Why ranking functions matter
Ranking functions assign a position number to each row within a window partition. They are the practical solution for three everyday problems:
- Top-N per group — the best-selling product per category, the latest order per customer, the highest-scoring ticket per agent.
- Deduplication — keeping one row per entity when a table has duplicates.
- Bucketing — dividing a result set into percentiles or quartiles.
ROW_NUMBER — unique sequential number
ROW_NUMBER() gives each row a unique integer starting from 1 within its
partition. Ties get different numbers (arbitrarily assigned by the database).

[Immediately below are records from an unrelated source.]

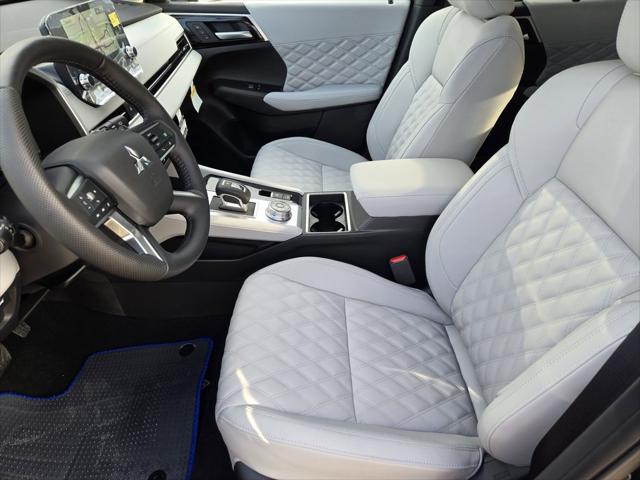 2025 Mitsubishi Outlander PHEV SEL S-AWC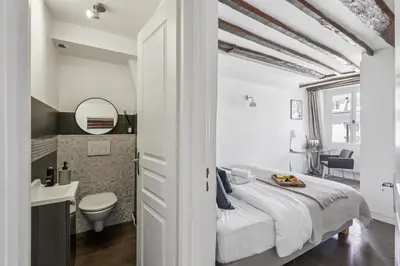 Un ou plusieurs lits dans un hébergement de l'établissement Madeleine & Champs-Élysées - 2BR - Paris Vacation Rentals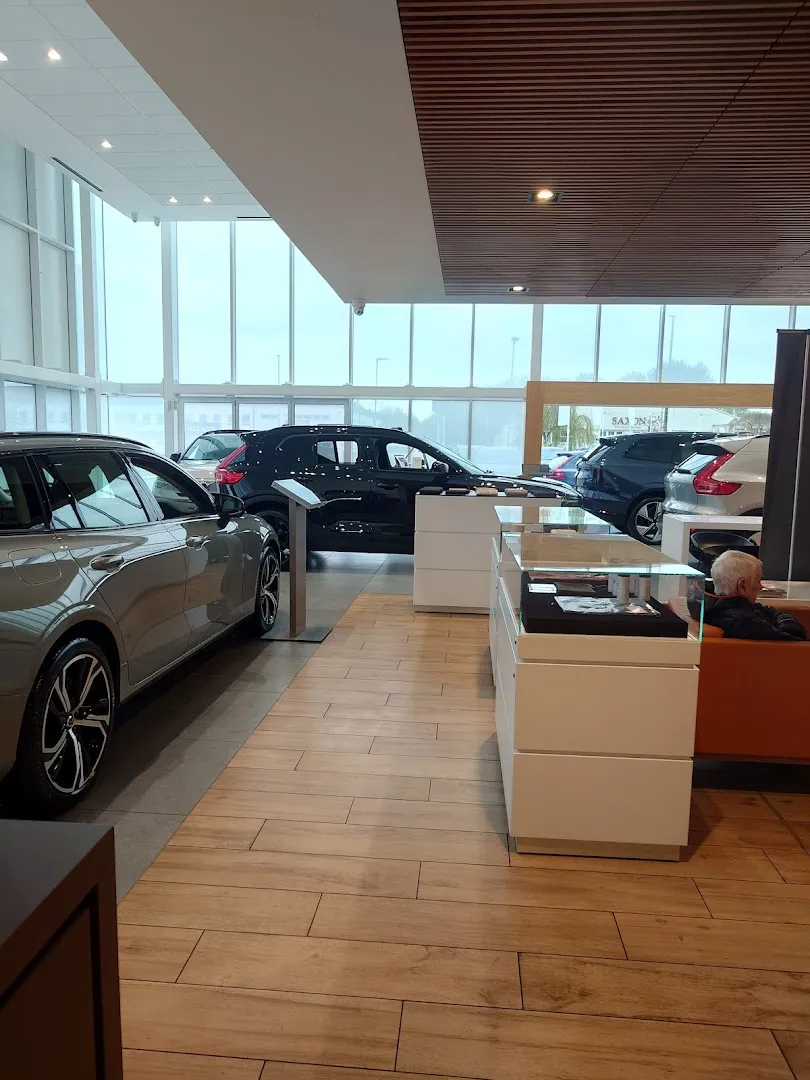 Volvo Cars Bolton photo 5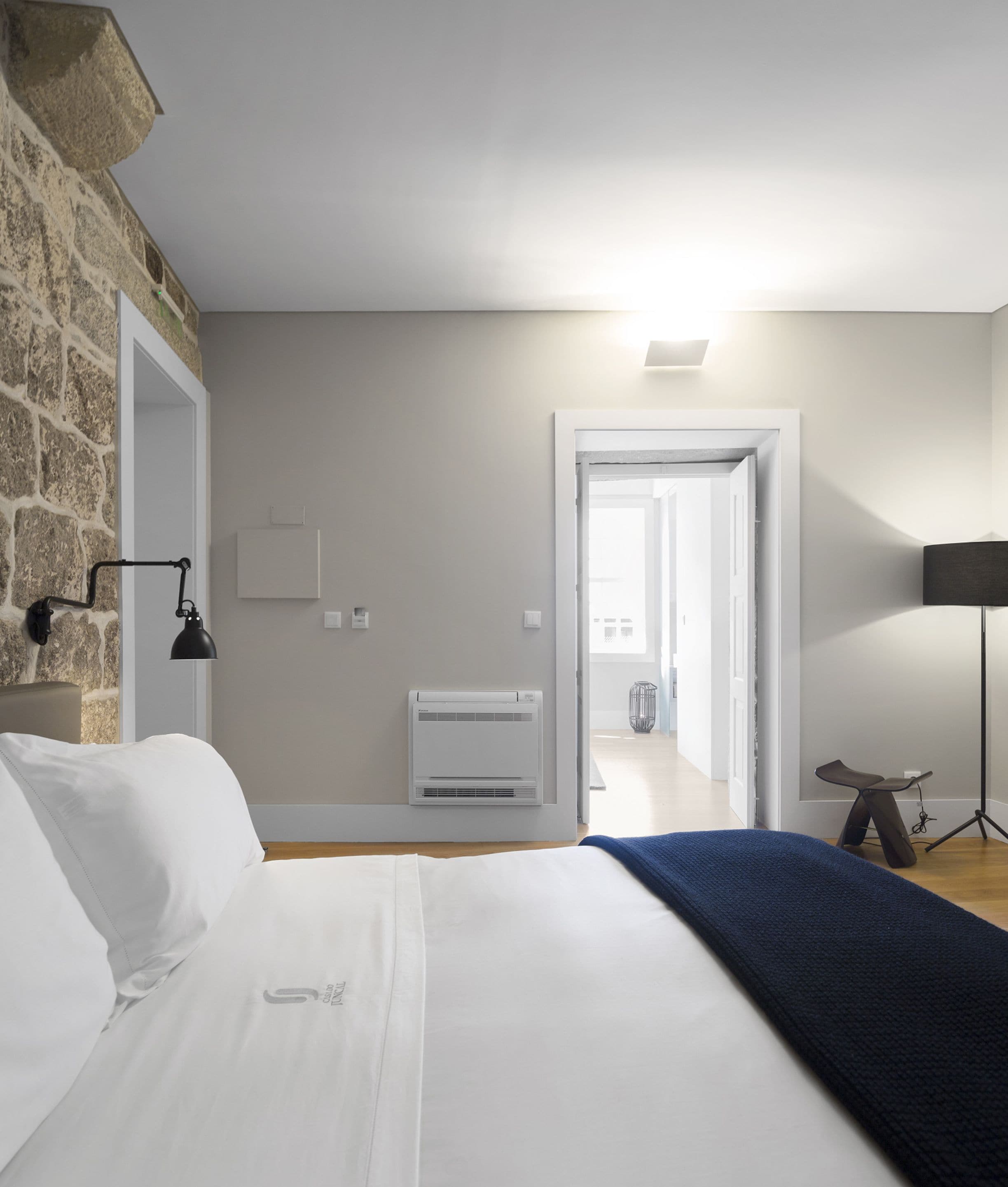 suite, garden view | living room | lcd tv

-- Assign a row number within each customer's orders (newest first)
SELECT
id,
customer_id,
total_amount,
created_at,
ROW_NUMBER() OVER (PARTITION BY customer_id ORDER BY created_at DESC) AS rn
FROM orders;
Pattern: get the most recent row per group (the classic N=1 use case):
-- Latest order per customer
WITH ranked AS (
SELECT
*,
ROW_NUMBER() OVER (PARTITION BY customer_id ORDER BY created_at DESC) AS rn
FROM orders
)
SELECT * FROM ranked WHERE rn = 1;
This works even when MAX(created_at) is ambiguous (multiple orders at the same
timestamp) — ROW_NUMBER always assigns a unique 1 to exactly one row.
RANK vs DENSE_RANK — handling ties
Both assign the same number to tied rows, but differ in what comes next.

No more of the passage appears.